The remote control for Bernie's old TV, which still doesn't quite feel like mine, sits on my nightstand, next to the shinier one given to me by Time Warner Cable, the company that has the lock on service for my building. I find the clutter annoying but I keep them both there, just in case; they serve the same function as the phone. Utilities for emergency? Emergency what?
Even in the middle of this past night, when I had a lot on my mind and wrestled with sleep, I couldn't bear to pick the remotes up and turn them on. I still haven't figured out if I need them both to make the set work. It seemed more addling to flip through channels with a bad day behind me than it did to just stare into space.

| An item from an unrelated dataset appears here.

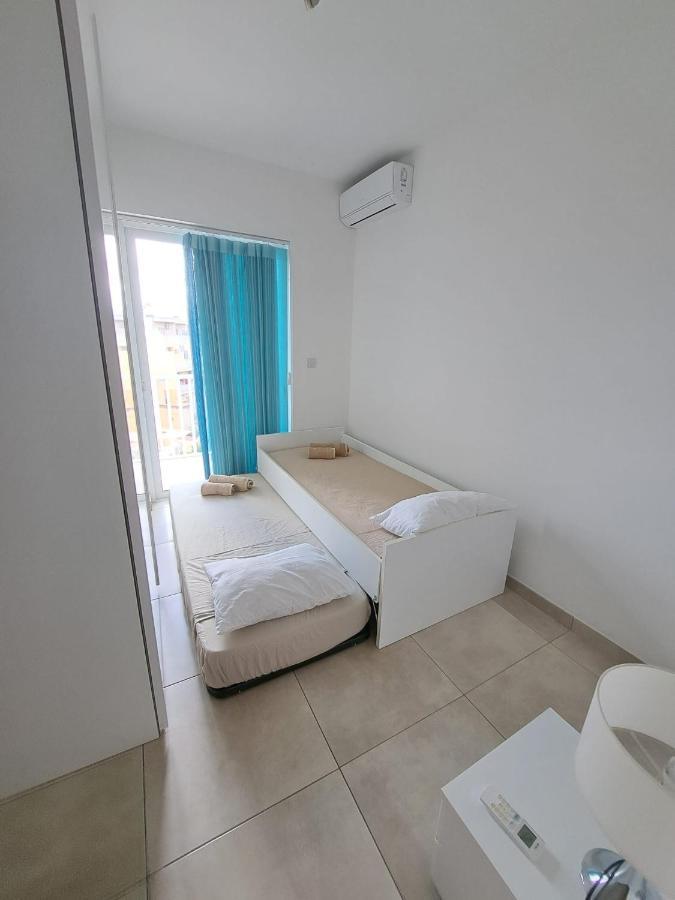 Modern Apartment In Gzira Extérieur photo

Ten years ago, before Bhutan had TV and before I knew about Bhutan, I wrote a story for the NY Times Circuits section about the remote control and how it changed our lives.
'A Gadget that Taught a Nation to Surf' was its headline.

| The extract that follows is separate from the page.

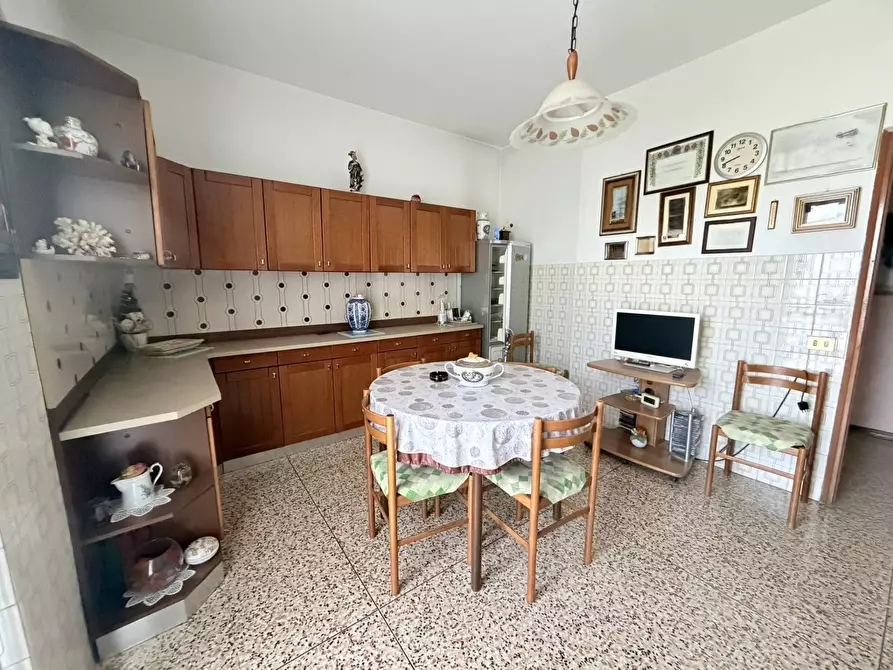 Immagine 5 di Appartamento in vendita  in via DI VITTORIO 31 a Venaria Reale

Okay, so perhaps it wasn't as revolutionary as the birth control pill or the automobile or hot lead type, but the first wireless remote control, when it debuted in 1956, created a culture of instant gratification and couch potato-ness that had not, could not, exist before. An earlier, wired version presaged the shape of things to come; it was called "Lazy Bones." And there weren't even that many channels to flip through then.
"There's a huge magnetic force in the culture and it goes toward speed, and the remote control was an essential element in that direction," Todd Gitlin, a professor of media studies at New York University, told me back a decade ago. "'Move it along' - that's what matters. The speed of movement and the juxtaposition of different images is absolutely central to how people are living now."
It seems very quaint now, as I gaze at my iPhone and get ready to hit "submit" on the HuffPo blog software. Forgive me, but since it was such a weird night, I must try to do something that I wish a simple button would make possible: Take a nap.